Las niñas

Las niñas (deutscher Titel Mädchen, englischer Festivaltitel Schoolgirls) ist ein Spielfilm für Kinder ab 11 Jahre unter der Regie von Pilar Palomero, von der auch das Drehbuch stammt. Der Debütfilm feierte am 23. Februar 2020 auf der Berlinale Weltpremiere in der Sektion Generation Kplus.

Die Regisseurin Pilar Palomero, Februar 2020.

Inhalt

Der Film spielt 1992 im Spanien der Olympischen Sommerspiele 1992 in Barcelona und der Expo 92 in Sevilla.[1]

Die 11-jährige Celia lebt mit ihrer Mutter in Saragossa und geht auf eine von katholischen Nonnen geleitete Mädchenschule.
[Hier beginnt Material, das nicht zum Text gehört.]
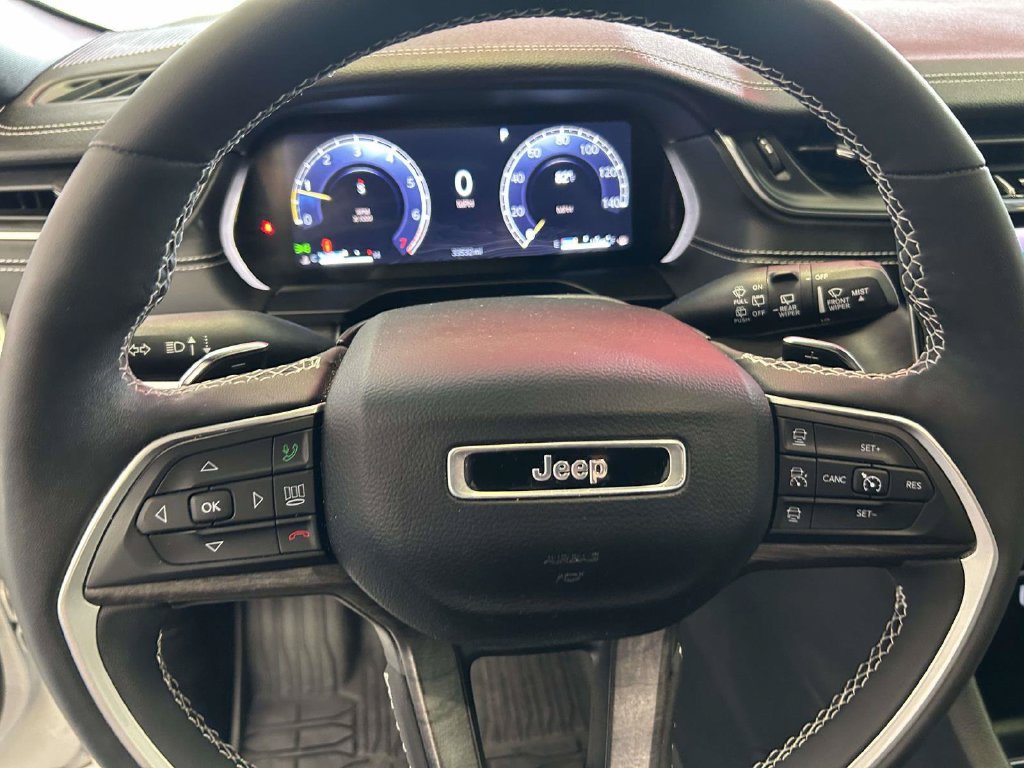 Used 2024 Jeep Grand Cherokee Limited AWD/4WD image 9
Sie wird zunächst als folgsame Schülerin und Tochter gezeichnet:[2] Als die Musiklehrerin sie bei einer Chorprobe nur die Lippen bewegen lässt, weil sie angeblich nicht singen könne, hält sie sich an die Anweisung. Den Nachmittag verbringt sie zu Hause mit Schularbeiten und der Vorbereitung des Abendessens. Die 12-jährige Brisa aus Barcelona, die neu in Celias Klasse kommt, hat sich von der Kindheit schon viel stärker entfernt als Celia, was sich bereits an ihrer Kleidung und ihrer Vorliebe für angesagte Musikgruppen ablesen lässt. Die beiden Mädchen freunden sich an und schnell wird klar, dass Brisa die Autorität der Nonnen und der Religion generell in Frage stellt.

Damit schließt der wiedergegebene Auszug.